You Don't Need a Vector Database for AI Agent Memory

Plain text files, organized well, gave my AI assistant a memory system that surfaces recommendations I'd never think to ask for.

Alex Hillman
Written by Alex Hillman
Collaboratively edited with JFDIBot
JFDI

A third of the features in my AI assistant system weren’t my idea.

They were recommendations that emerged from a plain text memory system. No vector database. No embeddings. No infrastructure to maintain. Just markdown files in folders, organized by date.

That number surprised me too. So here’s how it works.

The audit trail that became a brain

Every time my AI assistant Andy does something meaningful, it writes a short log. What happened, what decisions were made, what options were considered, what files were touched.

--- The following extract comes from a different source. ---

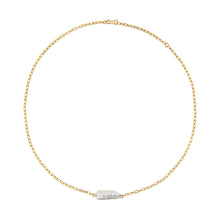 Coralia Baroque Necklace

These logs go into a folder. Every day gets a new folder. Inside are markdown files from each agent and command that ran.

I originally built this for transparency.

I wanted to see what the system was doing when I wasn’t looking.

But the logs turned out to be far more valuable as memory.

What a weekly synthesis actually looks like

Once a week, a synthesis command reads all the recent audit trails, past syntheses, daily briefs, and git commit history.

Then it runs three passes.

A pattern miner looks for things I’ve done the same way multiple times. The reasoning is straightforward: if I handled something the same way three times in a row, it should probably become a standard operating procedure instead of a guess every time.

A recommendation tracker suggests features or improvements based on what it’s observed.

These aren’t generic suggestions. They’re grounded in actual patterns from my usage.

A system gap detector looks for two parts of the system that work fine independently but would work better if they talked to each other.

Each pattern gets a confidence score.

Recommendations get sorted by readiness, potential impact, and risk of breaking something.

The strategic adviser agent ties it all together and surfaces the most promising opportunities.

This is where that “roughly a third” number comes from. Real features I’m using every day, suggested by a system that was paying closer attention to my habits than I was.

Why plain text works

The insight that keeps proving itself: memory designed for learning is different from memory designed for retrieval.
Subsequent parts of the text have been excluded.